## What you should do:
What you return should match the material below line for line, except that no image appears in it.

## Records for the exercise:
[Start of section]

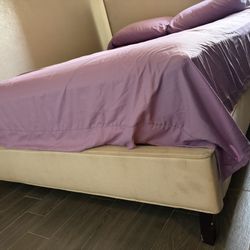 headboard and bed frame 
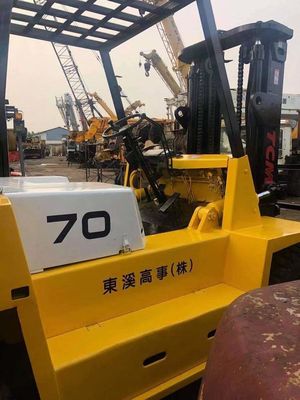 좋은 작업 조건 에너지 광산 산업에 사용되는 중고용 Tcm 7T 포크크리프트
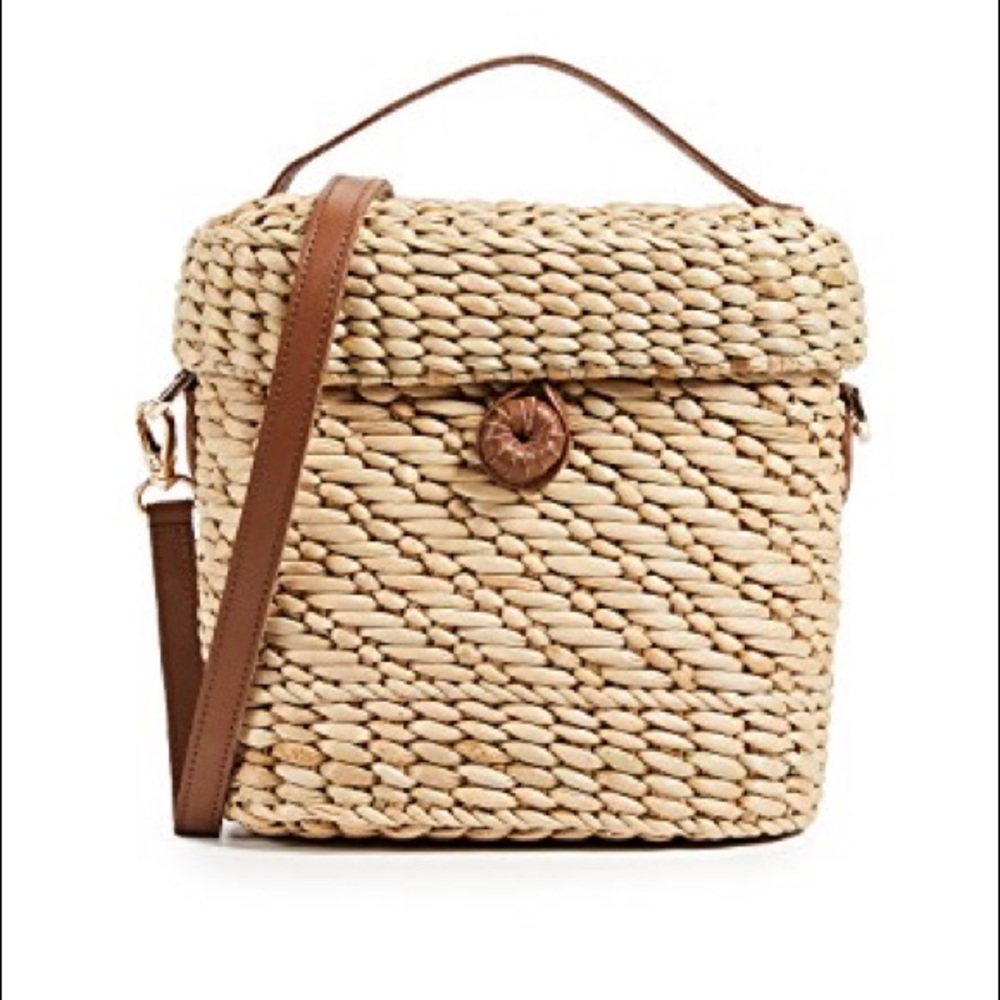 Poolside The Ashleigh Mirror Woven Canteen Bag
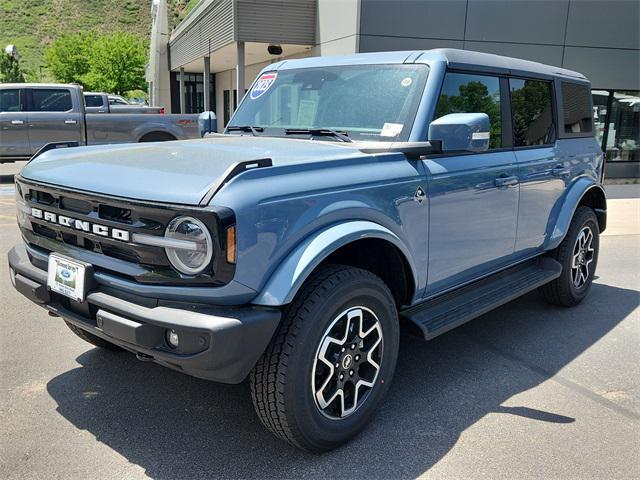 new 2025 Ford Bronco car, priced at $53,893
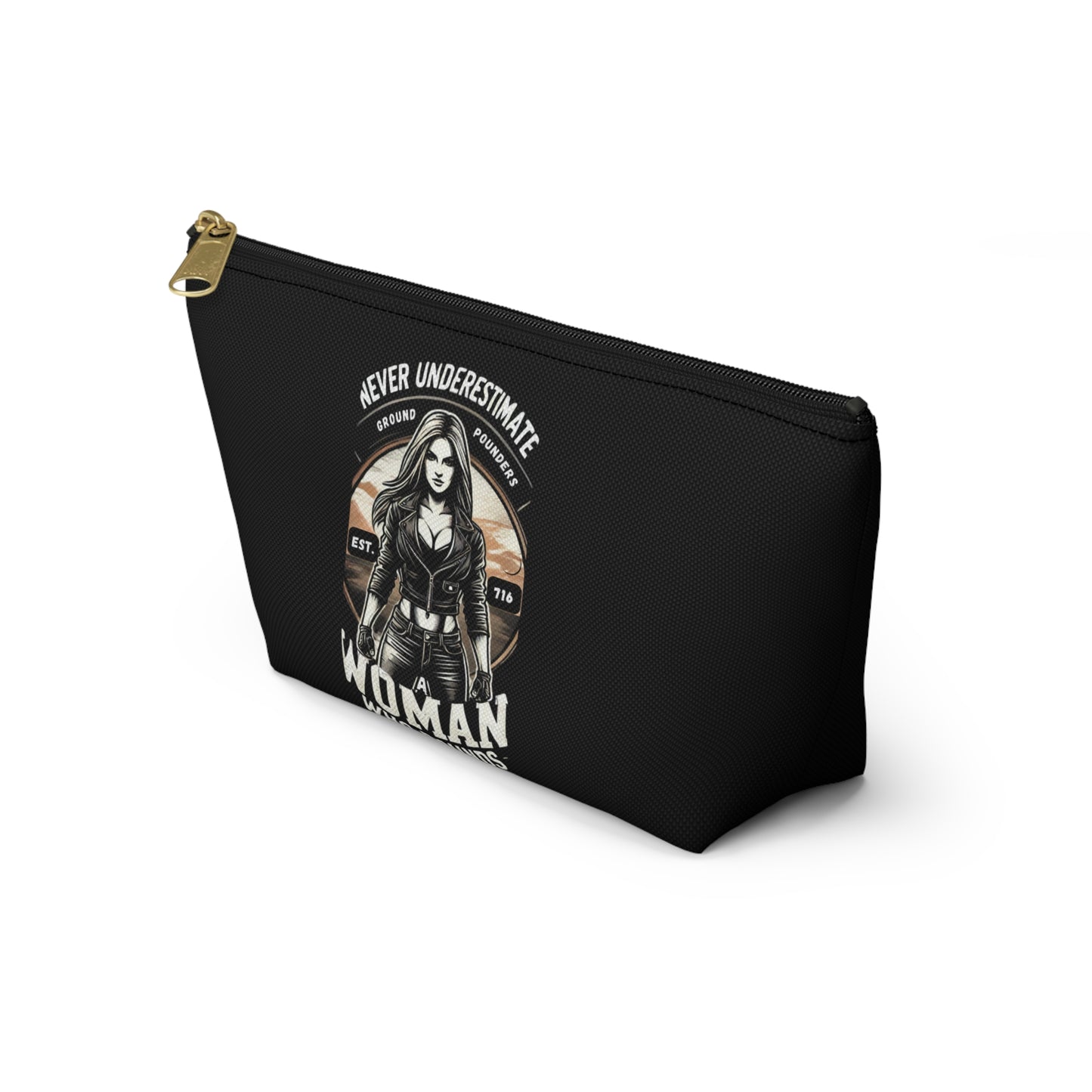 Biker Make-Up Bag: Never Underestimate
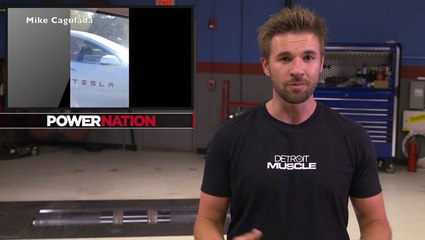 Tesla Employee May Actually Be Asleep Behind The Wheel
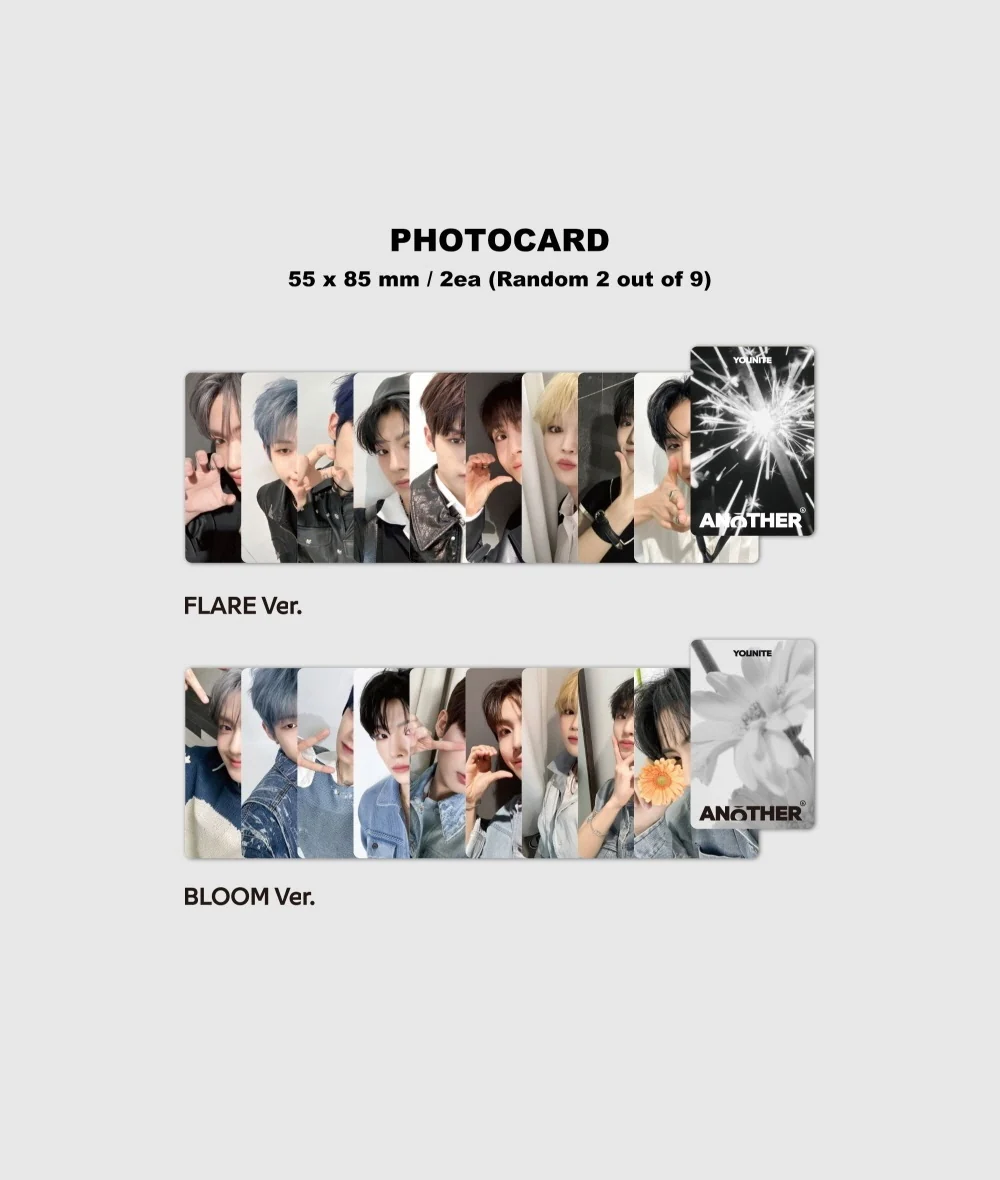 YOUNITE - 6TH EP ANOTHER [POCAALBUM] - Image 4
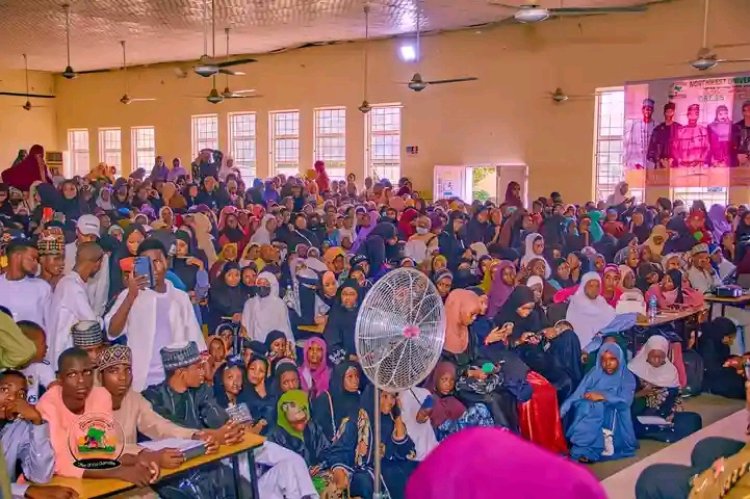 Northwest University Kano Holds 13th Orientation Exercise for Newly Admitted Students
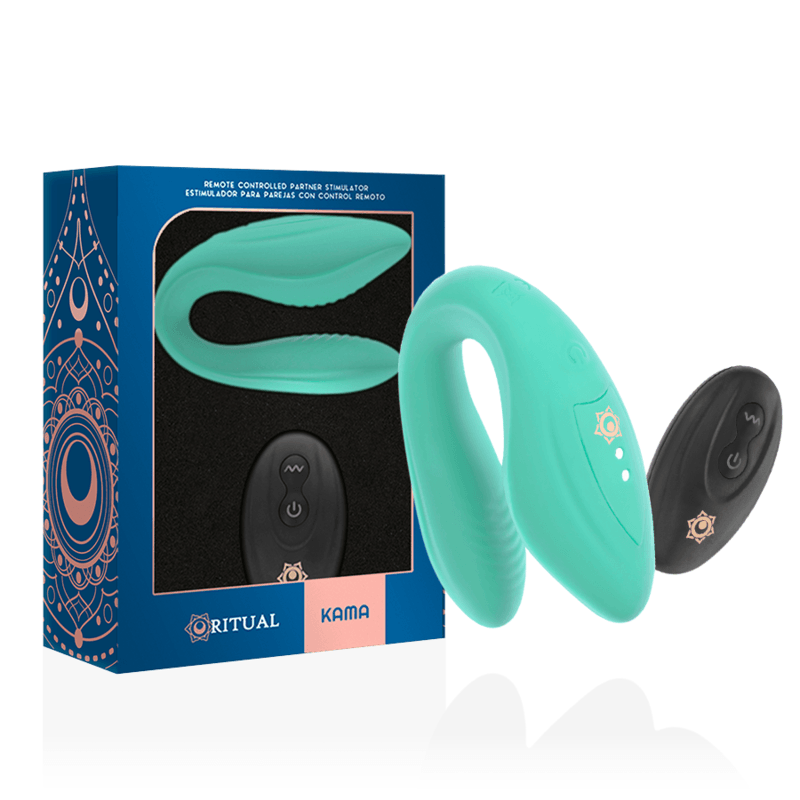 RITHUAL - KAMA CONTROL REMOTO PARA PAREJAS AZABACHE - Sensuana.es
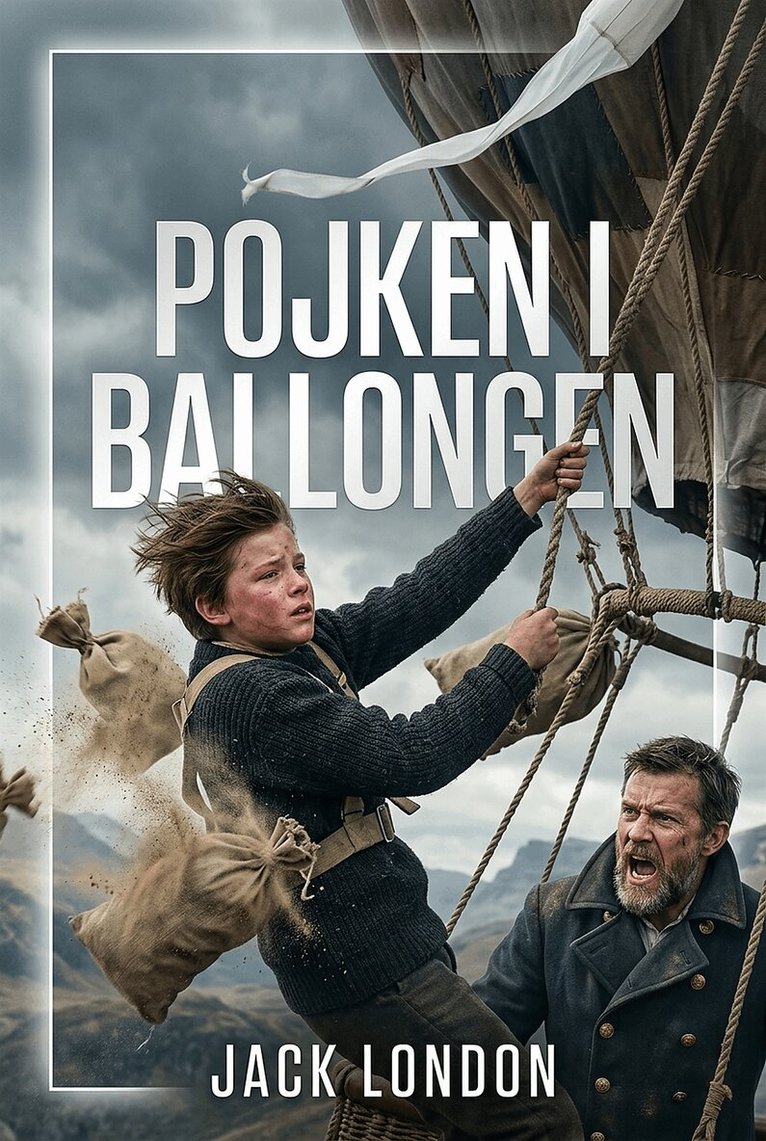 Jack London - Pojken i ballongen, E-bok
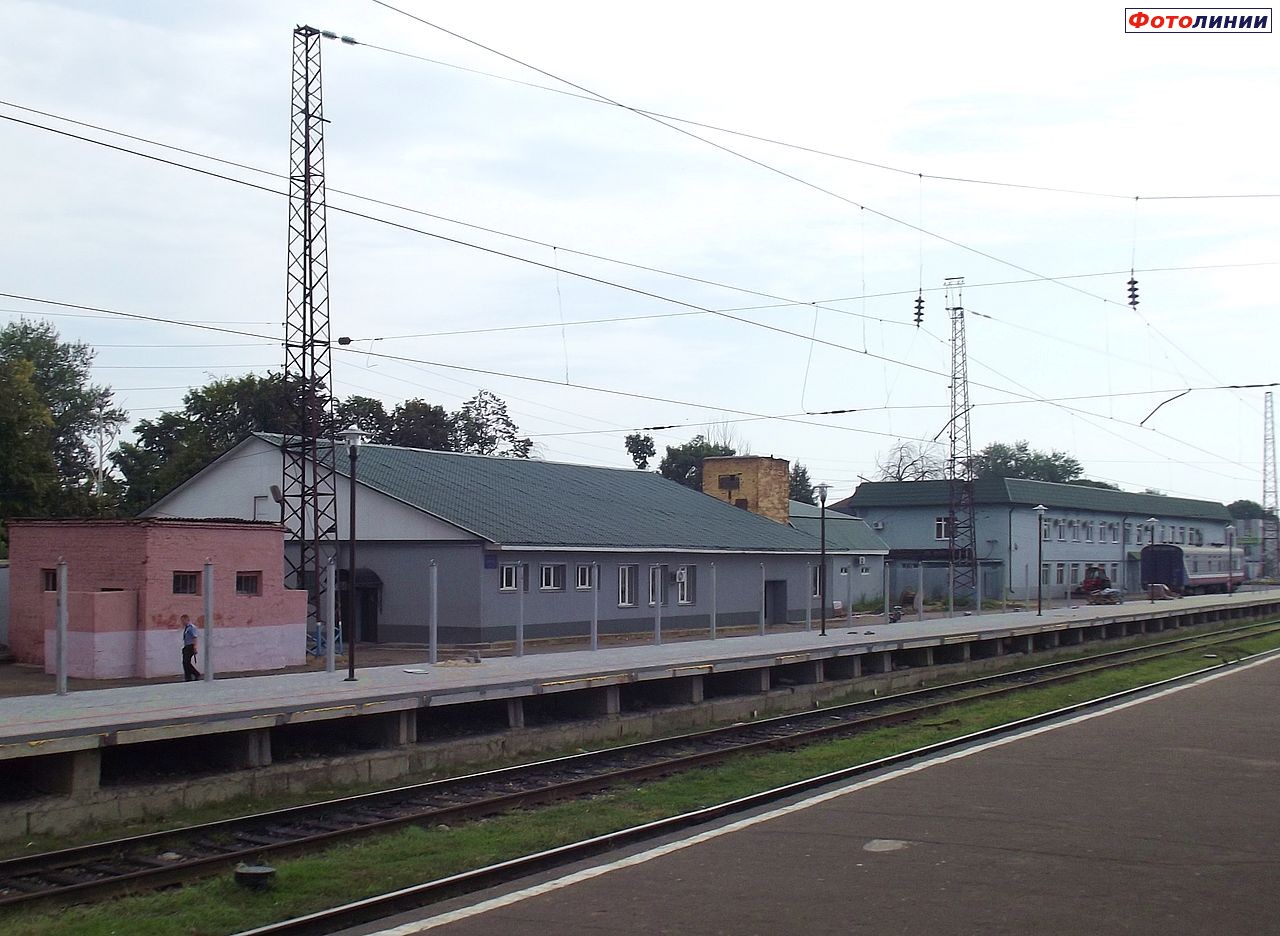 ВЧДЭ-6 и железнодорожная гостиница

[End of section]

## Expected answer:
 headboard and bed frame 
 좋은 작업 조건 에너지 광산 산업에 사용되는 중고용 Tcm 7T 포크크리프트
 Poolside The Ashleigh Mirror Woven Canteen Bag
 new 2025 Ford Bronco car, priced at $53,893
 Biker Make-Up Bag: Never Underestimate
 Tesla Employee May Actually Be Asleep Behind The Wheel
 YOUNITE - 6TH EP ANOTHER [POCAALBUM] - Image 4
 Northwest University Kano Holds 13th Orientation Exercise for Newly Admitted Students
 RITHUAL - KAMA CONTROL REMOTO PARA PAREJAS AZABACHE - Sensuana.es
 Jack London - Pojken i ballongen, E-bok
 ВЧДЭ-6 и железнодорожная гостиница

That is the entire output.